Iser's essay "Interaction Between Text and Reader" suggests that during the reading of any text the reader most play the part of an active participant.  That the characters, what is shown, what is said, and what is unsaid, all come together on the focus of the reader and it is this process of actively reading and constructing the story that creates the interaction.  He says that the text tells the reader through a process of showing the reader and allowing the reader to infer which allows the reader to be an active component and allows each reading of the text to change. He says that the text is polysemantic and can have many meanings, and with out the reader each meaning less is pointless and the text is pointless.
Together the two authors create an understanding of the reader-response theory, in which the reader defines the work.  That being said i am choosing to preform a reader response analysis of the ending of the show "Lost".  I know nothing about the show, have never seen any episodes, and no nothing about the actors or directors.  I am simply going to conduct a reading of the text and with a combination of reader response and semiotics try and define or come to an understanding of what is transpiring.


The only line of dialogue is spoken by a bald male upon what appears to be the main character entering a church "We have been waiting for you".  This is then a pivotal part in understanding the text, while the scene changes between a dying man in a jungle, and a group gathered in a church, the only line is "we have been waiting for you".  This implies that the group in what appears to be a church had arrived before him and had been waiting for him to start what ever they have gathered together to do. Through a semiotic read, and by understanding the blank (that which is left unsaid), the audience can infer that this is the afterlife or heaven based on the credits showing a wrecked plane and the man dying in the forest.  That as well as the white wash when a man (who is possibly a pastor) leaves the church and enters a white celestial void.  While these things are not explained to the reader, it is inferred by illusions to other pop-culture t.v. shows and movies that show a white wash as the presence of heaven or death. The fact that one of the final scenes of the stumbling man is him closing his eyes, then the switch back to the church further stresses that the church symbolizes the after life, and it being a church must then be heaven.  The love interest and a room of friends are clearly gathered do to the familial way the group accepts the new comer and interacts almost as if they had all been through some trying event (possibly death on the airplane).

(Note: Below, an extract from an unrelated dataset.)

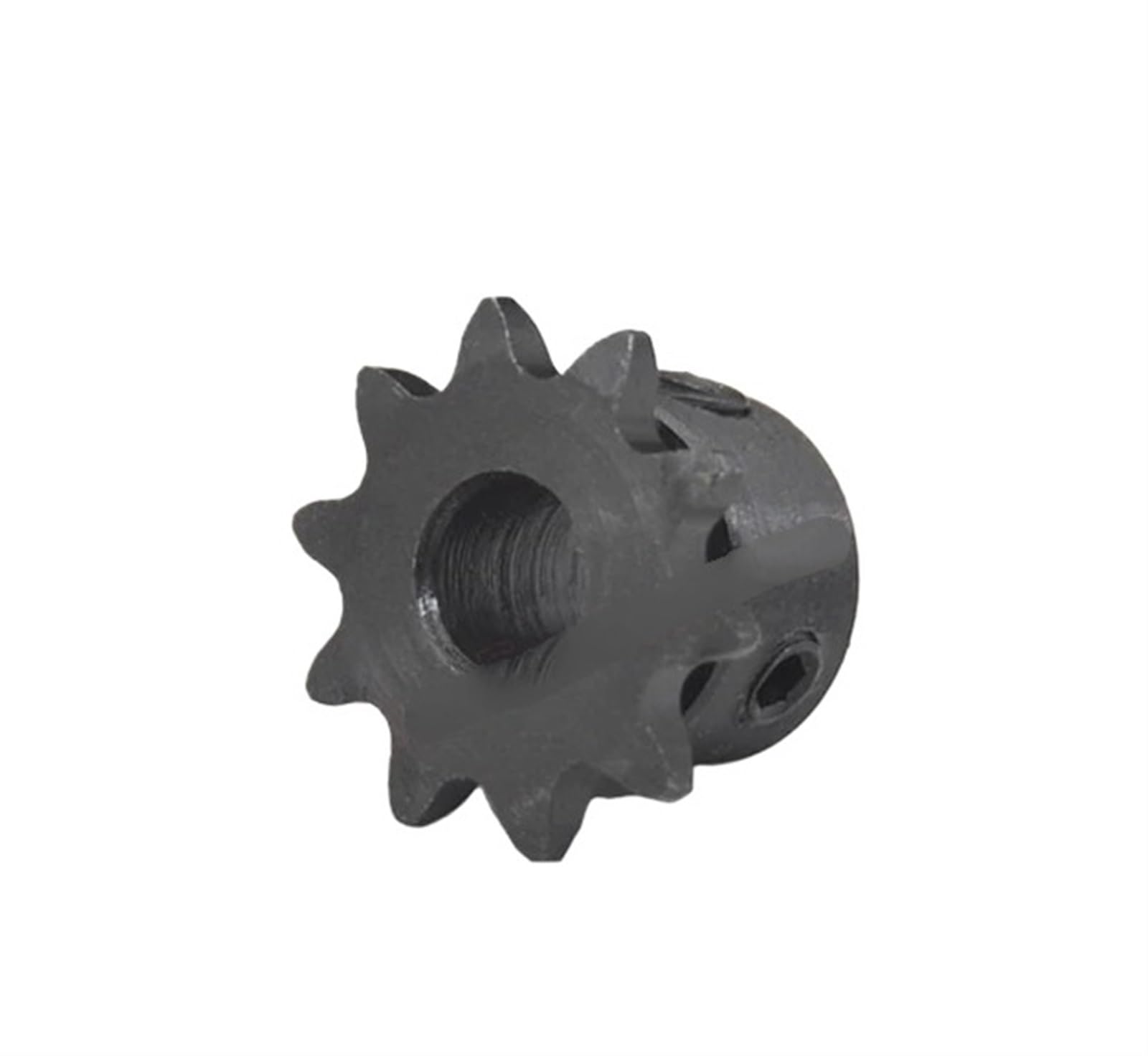 Bevel Gear Pinion Hardware Mechanical 1pcs 9T 10T 04C Sprockets for Roller Chain 9 10 Tooth Steel Gear Industrial Drive Sprocket Bore 5 6 6.35 8 10mm(10 Teeth-Bore 10mm)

So the scene then seems to be the passing of the man in the jungle and the acceptance of his ghost in the afterlife by his friends in heaven after a struggle (hinted at by his injured stumbling through the woods), and that he is the final member of the group before they can enter heaven.


That was a small semiotic reading of pheminology and the reader response theory.




Barthes, Roland. "Death of the Author". ed. Leitch, Vincent B. The Norton Anthology of Theory and Criticism. 2nd ed. New York: W. W. Norton &, 2010. Print. 
Iser, Wolfgang. "Interaction Between Text and Reader". ed. Leitch, Vincent B. The Norton Anthology of Theory and Criticism. 2nd ed. New York: W. W. Norton &, 2010. Print.